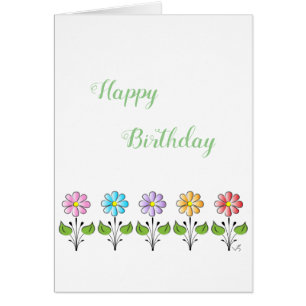 Joyeux anniversaire Dites-le avec une fleur adorab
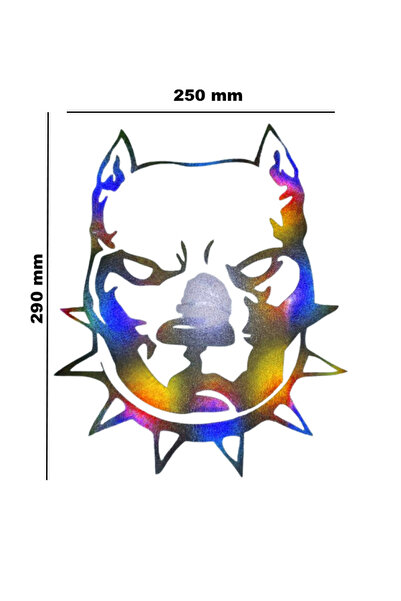meristeed ملصق هولوجرام متغير اللون بتصميم Köpek4 - للسيارات والخوذات وغيرها....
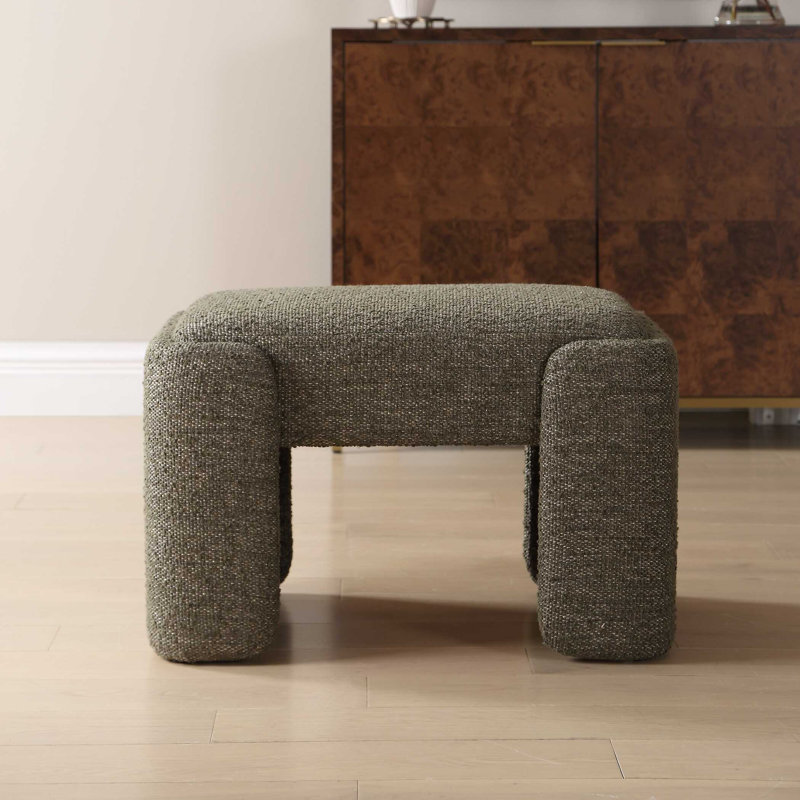 Petit banc Uttermost Angus Green Boucle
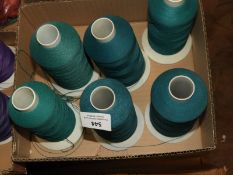 *Six Rolls of Aqua Sewing Thread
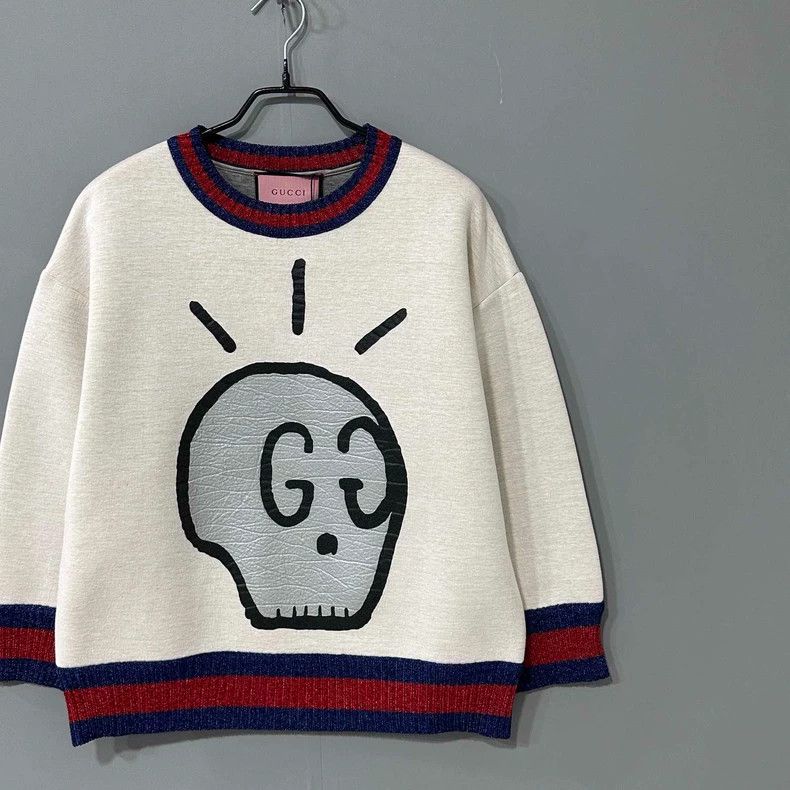 Gucci Gucci Skull Graphic Crewneck Sweatshirt Size M / US 6-8 / IT 42-44 - 2 Thumbnail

____

● **WHAT IS NEEDED**:
Please make an exact copy of the records, leaving out any picture.

● **SOLVED PROBLEM**:
 Joyeux anniversaire Dites-le avec une fleur adorab
meristeed ملصق هولوجرام متغير اللون بتصميم Köpek4 - للسيارات والخوذات وغيرها....
 Petit banc Uttermost Angus Green Boucle
 *Six Rolls of Aqua Sewing Thread
 Gucci Gucci Skull Graphic Crewneck Sweatshirt Size M / US 6-8 / IT 42-44 - 2 Thumbnail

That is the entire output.